Most scanners stop at *"vulnerable: yes"*. That is the half a triager throws away. `pocforge` produces, for every finding, a runnable artifact — an HTML page, a curl command, an auto-submitting form — that the reviewer can open in a browser and watch the bug fire.
The point is not better detection. The point is shorter time-to-triage.
## What it detects
| ID | Bug | Severity range | PoC artifact |
| ---------- | --------------------------------------------------- | -------------- | ------------------------------------- |
| CORS-001 | Reflected attacker origin + credentials | CRITICAL | HTML that reads victim data |
| CORS-002 | Reflected attacker origin, no credentials | MEDIUM | HTML (unauthenticated read) |
| CORS-003 | `Origin: null` accepted + credentials | HIGH | Sandboxed-iframe HTML |
| REDIR-001 | Open redirect (vanilla + 5 bypass payloads) | HIGH / MEDIUM | Clickable URL + curl reproduction |
| CSRF-001 | POST form without anti-CSRF token | HIGH / MEDIUM | Auto-submitting HTML form |
| CLICK-001 | Page can be framed (no XFO, no `frame-ancestors`) | HIGH | Overlay clickjacking page |
Run `pocforge --list-checks` to print this list from the tool.
## What this won't do
- **Authenticated scans.** No login flow, no session juggling.
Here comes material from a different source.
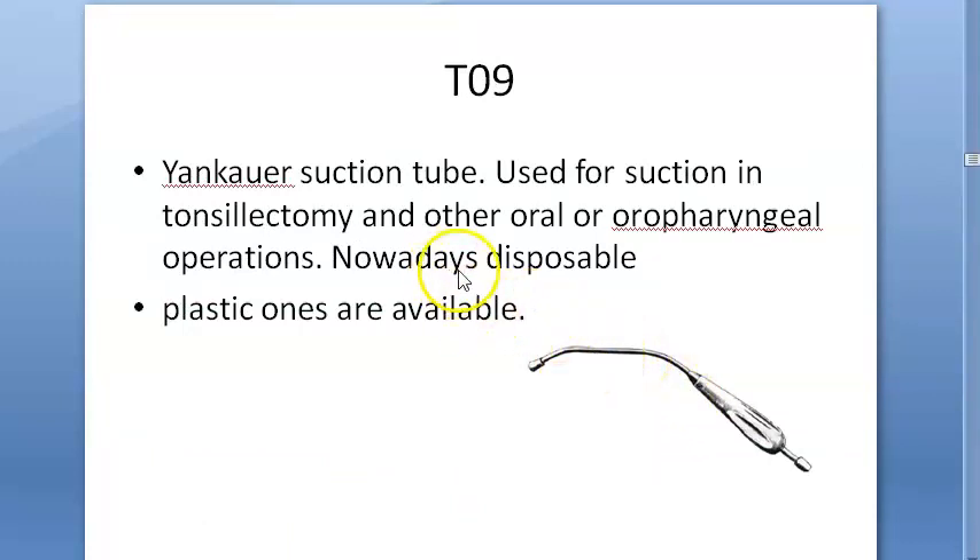Here you have the Yankauer suction tube, used for suction. Nowadays disposable ones are also available. For suction during tonsillectomy, you will use the Yankauer suction tube.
If you need cookies, route through Burp with `--burp` and let the proxy add them.
- **Crawl.** Give it URLs. It tests those URLs. It will not spider your scope file.
- **Pretend `ACAO: *` is a finding.** Browsers refuse to send credentials there. Reporting it is how you lose reputation on HackerOne.
- **Hide its traffic.** Every probe carries a `User-Agent: pocforge/...` header. Assume the WAF sees you.
## Install
pip install -e .
Python 3.10+.
## Usage
# Single URL → print markdown report to stdout
pocforge https://target.example.com/
# Single URL → write report.md + per-PoC files into a dir
pocforge https://target.example.com/ -o reports/target/
# Batch
pocforge -f targets.txt -o reports/ --burp
# Pipe to other tools
pocforge https://target.example.com/ --json | jq '.[].findings[].check_id'
# Force everything through Burp (alias for --proxy http://127.0.0.1:8080 --insecure)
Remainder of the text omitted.